Все без исключения иконы "плакали". Процесс был обильный, такой, что под каждой иконой скопились целые лужи мира. Николай дотронулся пальцем до ручейка на иконе Николая угодника. Жидкость напоминала масло. Понюхав ее, он не смог точно определить, чем же она пахнет. Что-то легкое и неуловимое, напоминающее ладан. Сзади к нему опять подошел Василий. Он совсем недавно стал служить в его храме. В тонкостях православия молодой священнослужитель не был искушен. Николай учил его, каждый раз, находясь в храме. Дьякон не знал элементарных вещей. Правда, надо признать тот факт, что дьякон не заканчивал духовную семинарию, а пришел из мирского института.

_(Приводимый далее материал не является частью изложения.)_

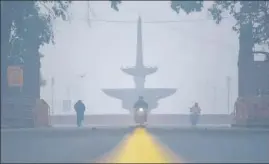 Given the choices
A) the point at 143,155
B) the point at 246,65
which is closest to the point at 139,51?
the point at 246,65

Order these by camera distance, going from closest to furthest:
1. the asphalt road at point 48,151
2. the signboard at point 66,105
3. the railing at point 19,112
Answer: the asphalt road at point 48,151 < the railing at point 19,112 < the signboard at point 66,105

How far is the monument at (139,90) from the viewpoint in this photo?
318 feet

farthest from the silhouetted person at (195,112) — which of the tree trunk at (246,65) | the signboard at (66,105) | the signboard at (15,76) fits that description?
the signboard at (66,105)

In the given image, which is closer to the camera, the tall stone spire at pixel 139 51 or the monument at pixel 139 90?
the tall stone spire at pixel 139 51

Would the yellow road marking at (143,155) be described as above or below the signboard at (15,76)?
below

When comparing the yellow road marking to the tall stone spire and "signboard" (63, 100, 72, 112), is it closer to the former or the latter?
"signboard" (63, 100, 72, 112)

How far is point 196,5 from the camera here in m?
30.1

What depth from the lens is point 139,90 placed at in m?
98.8

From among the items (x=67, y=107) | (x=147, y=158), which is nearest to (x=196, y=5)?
(x=147, y=158)

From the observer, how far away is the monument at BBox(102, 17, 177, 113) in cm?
9706

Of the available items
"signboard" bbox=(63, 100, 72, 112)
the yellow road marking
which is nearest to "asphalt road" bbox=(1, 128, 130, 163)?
the yellow road marking

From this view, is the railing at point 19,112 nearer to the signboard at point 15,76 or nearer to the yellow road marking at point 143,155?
the signboard at point 15,76

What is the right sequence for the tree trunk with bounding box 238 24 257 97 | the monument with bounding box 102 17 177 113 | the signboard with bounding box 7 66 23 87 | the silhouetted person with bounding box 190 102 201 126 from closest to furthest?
the signboard with bounding box 7 66 23 87
the tree trunk with bounding box 238 24 257 97
the silhouetted person with bounding box 190 102 201 126
the monument with bounding box 102 17 177 113

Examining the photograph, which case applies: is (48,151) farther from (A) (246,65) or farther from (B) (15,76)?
(A) (246,65) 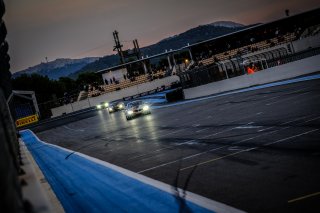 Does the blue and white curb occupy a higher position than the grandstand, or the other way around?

- Батюшка, а что вообще такое мироточение? Что нам о нем говорят святые отцы?

- В "Полном церковнославянском словаре" Дьяченко сказано, что эпитет мироточивый означает: "источающий чудотворное миро во исцеление болезней". Однако мироточение само по себе не является фактом, на основании которого икона считается чудотворной. Само же источаемое иконой или мощами миро почитается Церковью чудотворным. Так, мира от мощей Димитрия Солунского набирали даже мусульмане, считавшие его медицинским снадобьем от любых болезней. Священное Писание же не сообщает ничего о мироточении, все упоминания о данном явлении содержатся только в Священном Предании. Наиболее ранним сообщениями о мироточении являются благовонное миро из гробницы апостола Иоанна Богослова, он исходит ежегодно. Потом говорят о мироточении мощей апостола Филиппа. Много сообщений об обильном мироточении мощей Дмитрия Солунского. В Бари, в крипте базилики, где хранятся мощи святого Николая, мироточение происходит постоянно. Священники ежегодно извлекают миро через небольшое отверстие в крышке гробницы.

- Так это выходит большое чудо?! Благословение Господне?

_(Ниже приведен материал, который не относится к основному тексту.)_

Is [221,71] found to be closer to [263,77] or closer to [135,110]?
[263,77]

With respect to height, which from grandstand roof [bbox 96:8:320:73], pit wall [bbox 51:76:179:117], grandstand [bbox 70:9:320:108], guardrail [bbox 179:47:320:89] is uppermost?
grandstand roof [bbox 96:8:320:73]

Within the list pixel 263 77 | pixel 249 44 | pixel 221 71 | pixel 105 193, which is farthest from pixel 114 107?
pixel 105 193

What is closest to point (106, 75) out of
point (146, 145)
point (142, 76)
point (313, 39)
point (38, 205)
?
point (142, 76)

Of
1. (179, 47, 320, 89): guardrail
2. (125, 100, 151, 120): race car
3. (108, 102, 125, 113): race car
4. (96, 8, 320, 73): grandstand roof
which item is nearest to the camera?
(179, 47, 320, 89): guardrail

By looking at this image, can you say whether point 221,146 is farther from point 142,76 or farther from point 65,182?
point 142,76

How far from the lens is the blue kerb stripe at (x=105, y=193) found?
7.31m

- Не нужно сильно заострять внимание на этом процессе, как на чуде. Ну, есть и есть, и, слава Богу. Много случаев, когда люди сами симулируют мироточение. Более того, есть опасность, что кому-то хочется прославиться, и он симулирует это. Ну и ладно! Даже то, что есть такие дураки, которые делают это - тоже чудо во славу Божию! Я вот знаю, что признанные и почитаемые на Руси иконы ни разу не мироточили. Обычно "плачут" лишь новые иконы и те, которые стоят в частных домах.

- Батюшка, а как же наш храм? Разве кто-то мог это инсценировать?! Разве то, что происходит у нас на глазах, не является чудом?!

- Ох! Не знаю, Василий! Не знаю! Не было такого на моей памяти! - разговаривая с дьяконом, отец Николай зажигал бензиновой зажигалкой толстые самые дорогие свечи и ставил их перед образами, крестясь и шепча молитвы. Если бы его спросили тогда, почему он не включил электрические лампы, то Николай не смог бы внятно ответить на этот вопрос.

Вскоре весь храм озарился пламенем сотен свечей. В мерцающем и, несмотря на множество маленьких язычков, все же довольно тусклом свете "поп" и дьякон, стоя посреди храма, не переставали креститься. Николай внезапно остро почувствовал себя словно он Хома Брут перед отпеванием панночки. Не хватало только гроба посреди зала, а в нем молодой и прекрасной Натальи Варлей. Охватив весь храм взглядом, батюшка будто почувствовал, что все иконы смотрят на него и плачут. Вот-вот откуда ни возьмись, мог появиться летающий гроб. Чувство страха все сильнее и сильнее охватывало Николая Романцева.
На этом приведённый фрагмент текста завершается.